というのも、本書における川北氏のその探求は、マクロ的には主権国家間の競争、ミクロ的には、17~18世紀にかけて隆盛を誇った、「政治算術(Political Arithmetic)」との関連を指摘するにとどまっている。しかし、それは、「なぜ西欧だけに、主権国家群が現われたのか」、「反転労働供給曲線が反転しなくなるのはいつごろで、何を背景としたものなのか」といった問いかけには、まだうまく答えられていない。
一方で、以下のような興味深い記述がある。
今日の合衆国のように全国民の幻想が、ただ数量的に大きいものに向けられている所では、そうした数字のロマンティシズム(Zahlenromantik)は抗し難い呪力をもって商人の中の「詩人」に働きかけるのだ。

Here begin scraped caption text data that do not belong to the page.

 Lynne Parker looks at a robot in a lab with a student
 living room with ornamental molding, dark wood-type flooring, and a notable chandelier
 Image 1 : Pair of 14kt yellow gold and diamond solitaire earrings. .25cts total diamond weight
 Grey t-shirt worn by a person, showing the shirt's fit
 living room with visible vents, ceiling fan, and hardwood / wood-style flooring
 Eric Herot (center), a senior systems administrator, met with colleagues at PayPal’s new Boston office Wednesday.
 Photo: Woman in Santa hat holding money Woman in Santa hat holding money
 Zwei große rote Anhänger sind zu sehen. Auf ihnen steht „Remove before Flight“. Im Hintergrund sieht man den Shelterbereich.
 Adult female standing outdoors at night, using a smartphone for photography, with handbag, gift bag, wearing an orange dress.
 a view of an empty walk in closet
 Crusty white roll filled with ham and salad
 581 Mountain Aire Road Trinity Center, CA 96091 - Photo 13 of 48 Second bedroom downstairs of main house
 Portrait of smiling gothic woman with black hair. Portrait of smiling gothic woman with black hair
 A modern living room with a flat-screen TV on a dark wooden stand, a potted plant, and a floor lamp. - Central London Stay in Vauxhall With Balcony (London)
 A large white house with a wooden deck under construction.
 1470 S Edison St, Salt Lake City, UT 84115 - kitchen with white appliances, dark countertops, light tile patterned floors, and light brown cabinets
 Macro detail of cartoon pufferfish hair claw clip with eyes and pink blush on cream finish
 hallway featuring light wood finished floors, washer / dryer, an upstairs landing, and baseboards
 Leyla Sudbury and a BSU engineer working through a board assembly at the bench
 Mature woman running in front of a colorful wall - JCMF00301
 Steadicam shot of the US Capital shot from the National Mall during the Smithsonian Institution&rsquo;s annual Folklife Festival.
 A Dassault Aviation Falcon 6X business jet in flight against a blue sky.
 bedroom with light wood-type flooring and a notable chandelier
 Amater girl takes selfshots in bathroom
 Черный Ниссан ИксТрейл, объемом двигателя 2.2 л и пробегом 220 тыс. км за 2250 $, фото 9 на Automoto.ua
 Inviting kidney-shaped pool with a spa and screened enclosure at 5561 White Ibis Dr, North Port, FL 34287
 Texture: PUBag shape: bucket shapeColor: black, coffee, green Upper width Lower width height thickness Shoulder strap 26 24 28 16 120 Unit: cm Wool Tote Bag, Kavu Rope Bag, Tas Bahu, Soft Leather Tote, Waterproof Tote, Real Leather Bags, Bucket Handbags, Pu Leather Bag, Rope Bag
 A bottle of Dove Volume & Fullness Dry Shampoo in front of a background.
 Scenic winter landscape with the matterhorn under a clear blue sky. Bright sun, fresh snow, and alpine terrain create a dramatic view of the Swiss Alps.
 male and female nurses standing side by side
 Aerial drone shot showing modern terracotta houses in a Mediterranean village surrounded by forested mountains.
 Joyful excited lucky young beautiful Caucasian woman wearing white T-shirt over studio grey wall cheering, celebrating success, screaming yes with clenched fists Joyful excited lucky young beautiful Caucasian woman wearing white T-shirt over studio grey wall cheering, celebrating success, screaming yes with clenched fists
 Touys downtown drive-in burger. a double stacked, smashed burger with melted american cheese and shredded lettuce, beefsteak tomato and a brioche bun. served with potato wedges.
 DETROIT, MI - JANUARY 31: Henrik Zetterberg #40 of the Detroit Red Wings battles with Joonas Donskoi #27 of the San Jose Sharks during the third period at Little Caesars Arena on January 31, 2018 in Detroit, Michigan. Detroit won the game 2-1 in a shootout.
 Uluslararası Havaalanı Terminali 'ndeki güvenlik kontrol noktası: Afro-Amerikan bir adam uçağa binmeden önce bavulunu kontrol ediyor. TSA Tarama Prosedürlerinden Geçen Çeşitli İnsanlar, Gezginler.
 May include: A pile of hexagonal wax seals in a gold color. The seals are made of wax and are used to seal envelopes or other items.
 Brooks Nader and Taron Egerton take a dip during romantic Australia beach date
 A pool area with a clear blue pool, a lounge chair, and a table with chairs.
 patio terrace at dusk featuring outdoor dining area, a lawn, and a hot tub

マックス・ヴェーバー著大塚久雄訳『プロテスタンティズムの倫理と資本主義の精神』岩波文庫(1989)、p.80
賢明なる読書子なら既にお気づきであろう。Weberの言う、「数字のロマンティシズム(Zahlenromantik)」とは、まさに川北氏が語られるところの合衆国版「成長パラノイア」そのものなのである。ここから伺える問題設定は、「成長パラノイア」誕生にまつわる合衆国の寄与如何、であろう。本書はイギリス近代史をテーマとしているので、米国を語る訳にはいかないだろうが、それにしても資本主義の心性史における北米合衆国の影響は我々が感じている以上のものがあるのかも知れないのだ。また、近世西欧の主権国家群の誕生は明らかに宗教改革という西欧初期近代史における大混乱と選択的親和関係を示している。
以上のように、川北氏が抉り出そうとする「成長パラノイア」というメンタリティこそは、Max Weber 的アプローチにピッタリなテーマなのではないだろうか、というのが私の率直な感想である。